Eleven by Patricia Reilly Giff


Sam McKenzie lives in western New York with his grandfather, Mack, in an apartment above Mack’s woodworking shop. They share the building with two kind-hearted family friends: deli owner Onji and Indian Restaurant owner Anima. Sam, who cannot read words but has a gift for “reading wood,” is already on his way to becoming an expert woodworker. Sam is content with a life filled with delicious hot pastrami sandwiches and spicy chicken curry, but he is inexplicably afraid of the number 11. He is haunted nightly by dreams in which the number 11 appears in addresses and symbolically in castle turrets and brick chimneys. The day before his eleventh birthday, he sneaks into the attic to find his birthday presents, and instead finds a newspaper article with his photo as a toddler that reads “Sam Bell: Missing.” Unable to read the clipping himself, he seeks out the new girl at school, Caroline, who always has her face in a book and lipstick on her braces.

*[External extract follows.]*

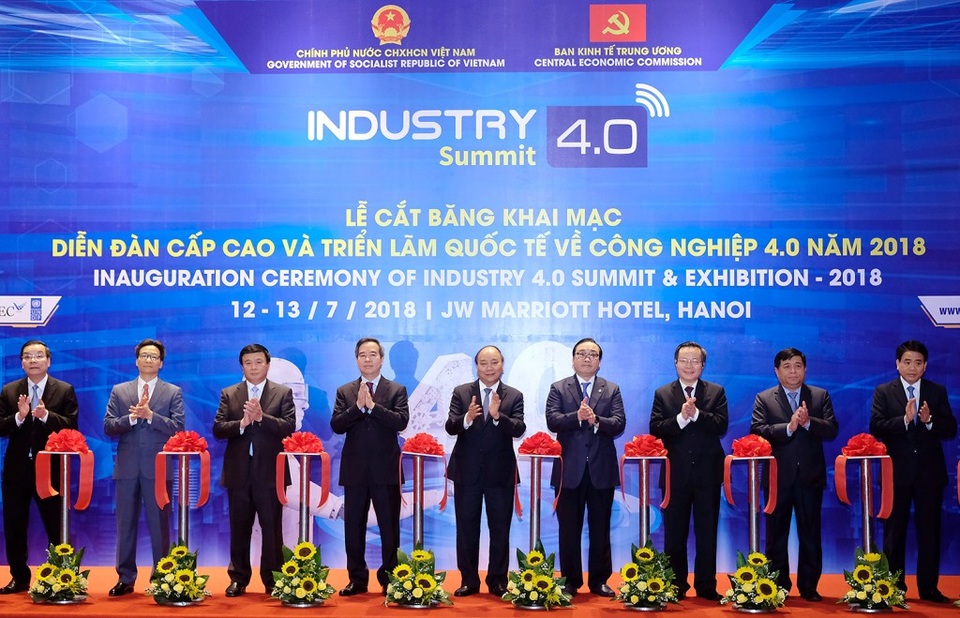 
Thủ tướng Nguyễn Xuân Phúc và các đại biểu cắt băng khai mạc Diễn đàn cấp cao và Triển lãm quốc tế về công nghiệp 4.0 năm 2018. Ảnh: VGP/Quang Hiếu
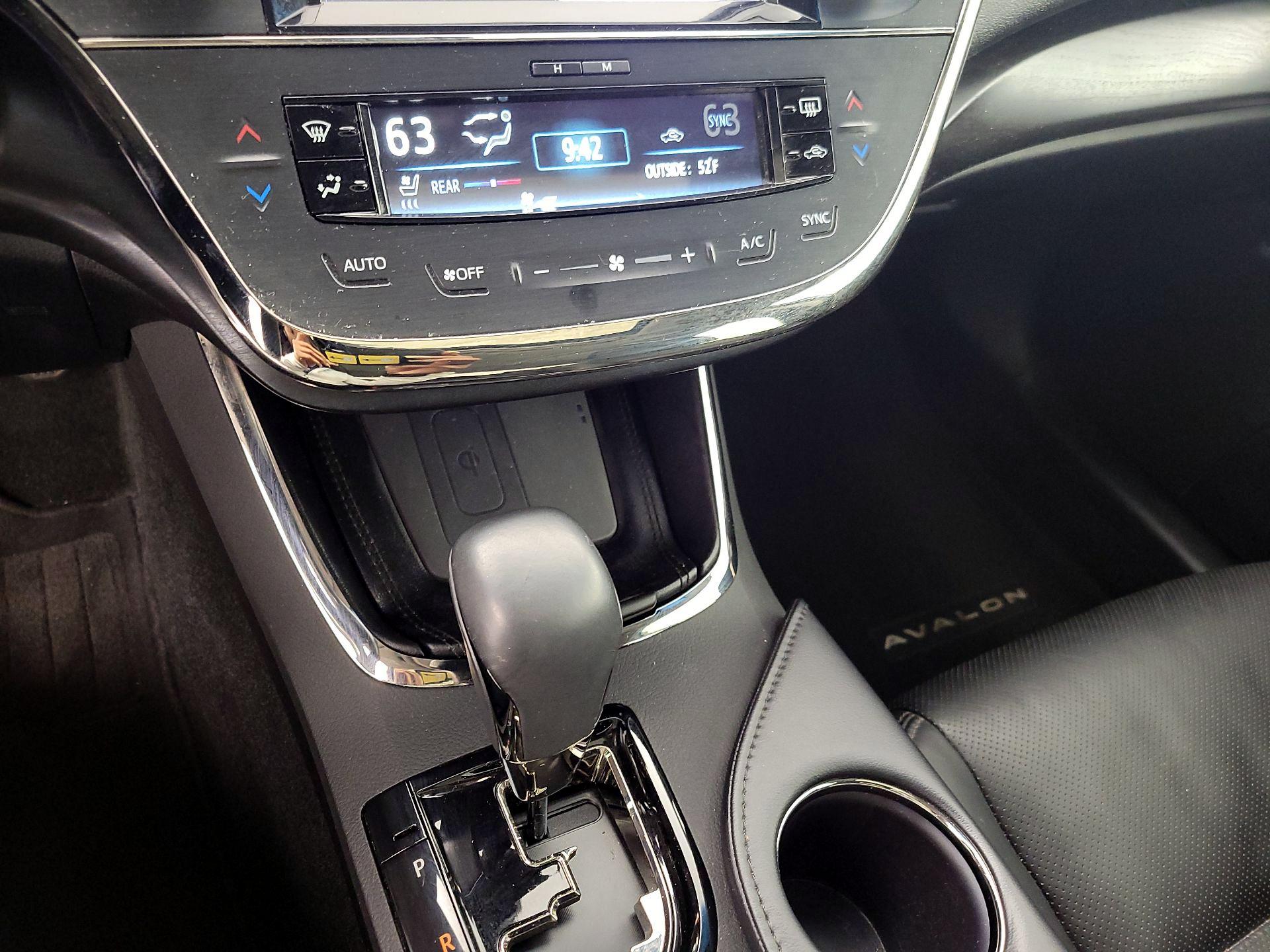 Thumbnail: 2017 Toyota Avalon - 17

They get paired up to create a castle for their classroom’s medieval feast, and together they begin building the castle that haunts Sam’s dreams. When Mack steps out to deliver furniture, they sneak into the attic to find more clues about who Sam really is. Caroline, whose family of artists move every few months, reminds Sam that they have to hurry. She quickly proves herself to be a good detective as well as a loyal friend. As clues pile up, time runs short, and Caroline’s mother announces they will move one last time as her father takes a teaching position at a college. Will they figure out the secrets of Sam’s origin in time? Is Mack really Sam’s grandfather? Can you only have one gift in life, or can Sam have the other gifts he longs for, like a true friend, to stay with Mack forever, and the ability to read?